## Stored data
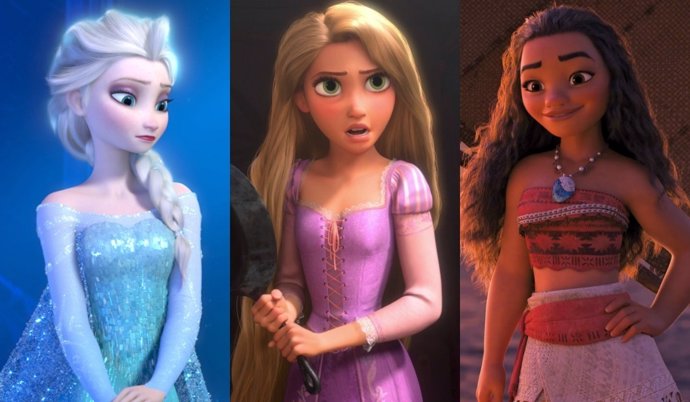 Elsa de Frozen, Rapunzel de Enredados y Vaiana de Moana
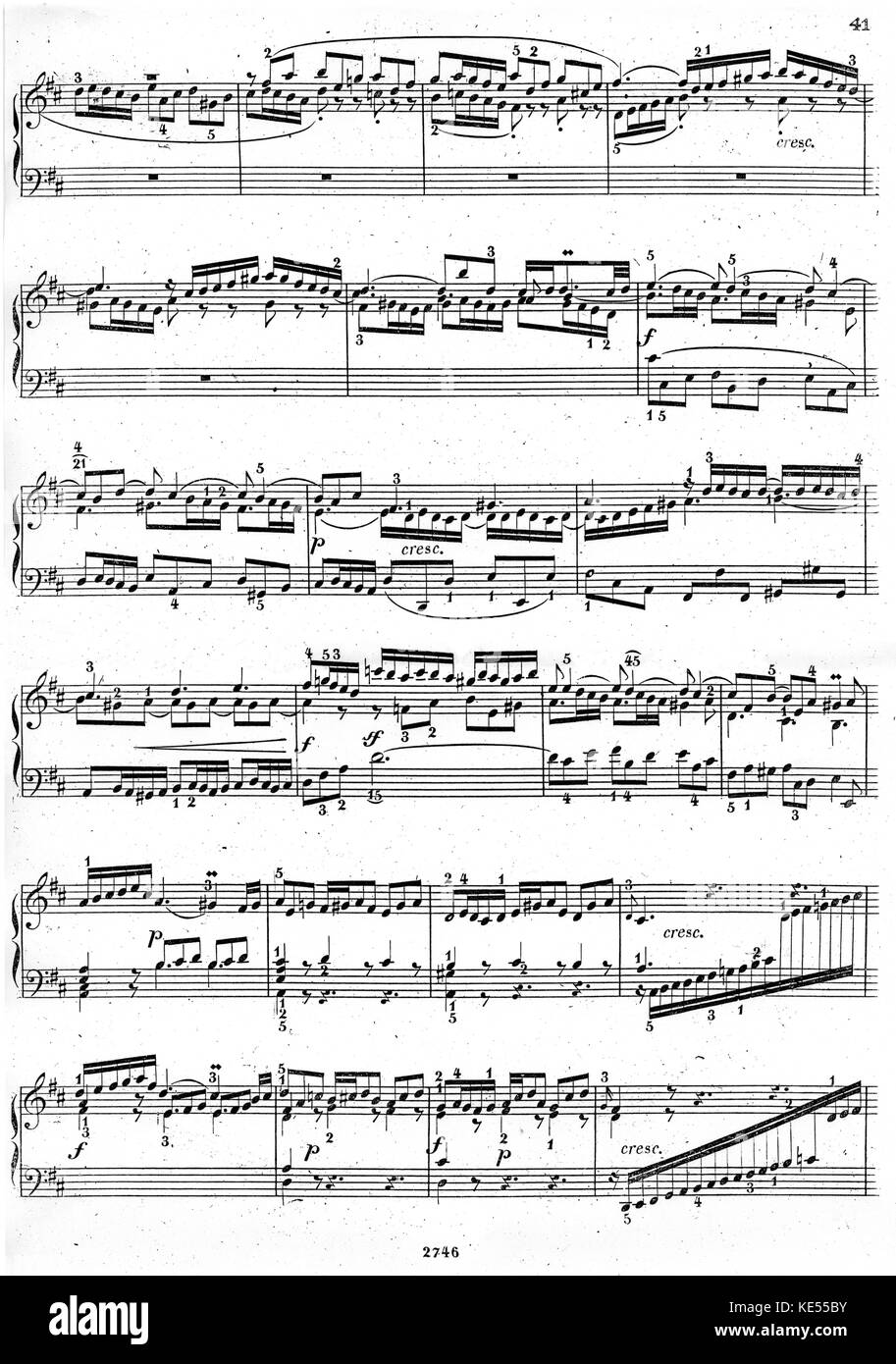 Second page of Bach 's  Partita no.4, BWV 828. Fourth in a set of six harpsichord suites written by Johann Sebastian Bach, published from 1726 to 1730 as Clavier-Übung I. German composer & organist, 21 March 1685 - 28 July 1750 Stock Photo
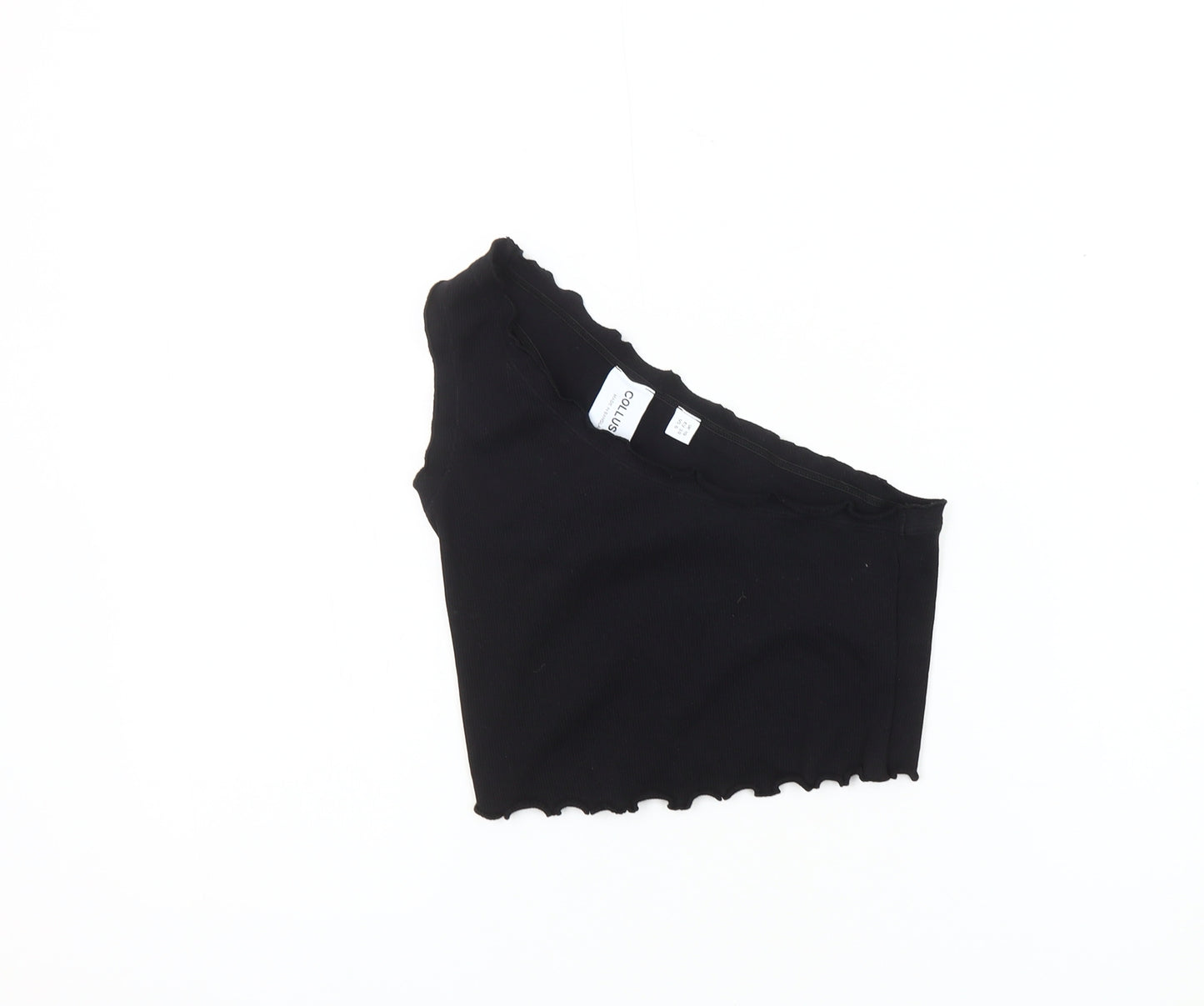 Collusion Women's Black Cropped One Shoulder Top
==
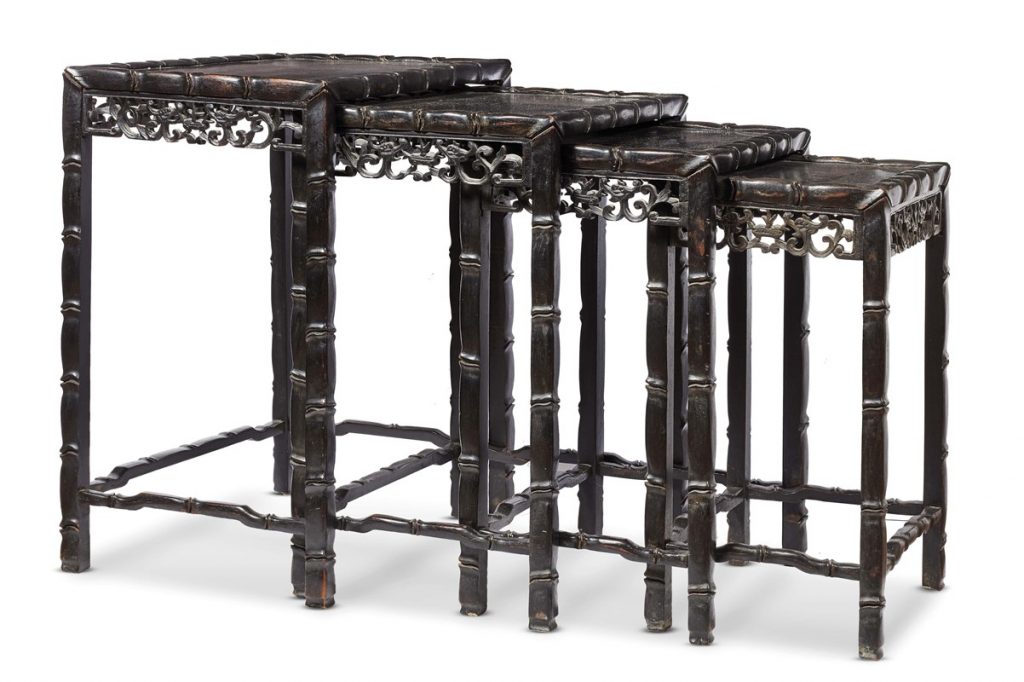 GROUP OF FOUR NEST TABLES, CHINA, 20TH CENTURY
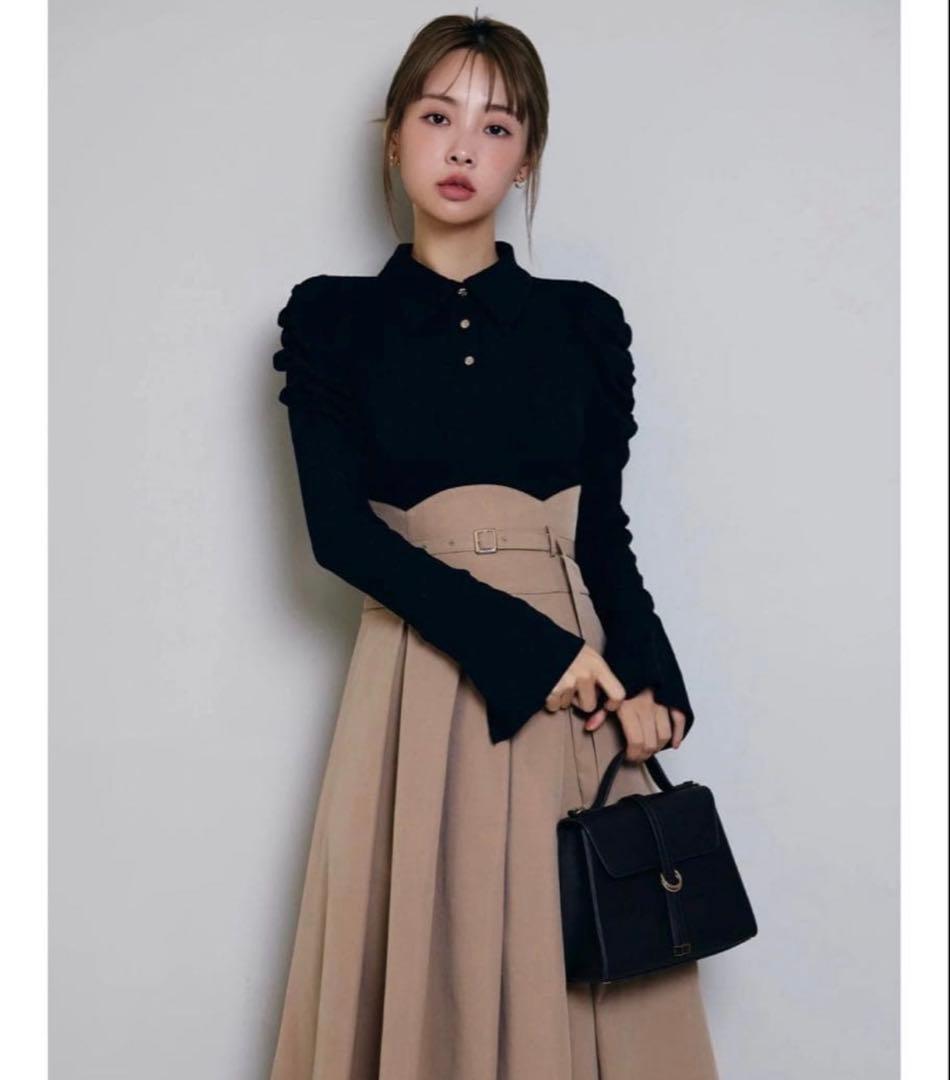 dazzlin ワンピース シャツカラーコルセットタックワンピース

## What to do
Give back the exact lines above, running from the one that has "Elsa de Frozen, Rapunzel" through the one that has "Collusion Women's Black", with nothing added and no pictures.

## Result below
 Elsa de Frozen, Rapunzel de Enredados y Vaiana de Moana
 Second page of Bach 's  Partita no.4, BWV 828. Fourth in a set of six harpsichord suites written by Johann Sebastian Bach, published from 1726 to 1730 as Clavier-Übung I. German composer & organist, 21 March 1685 - 28 July 1750 Stock Photo
 Collusion Women's Black Cropped One Shoulder Top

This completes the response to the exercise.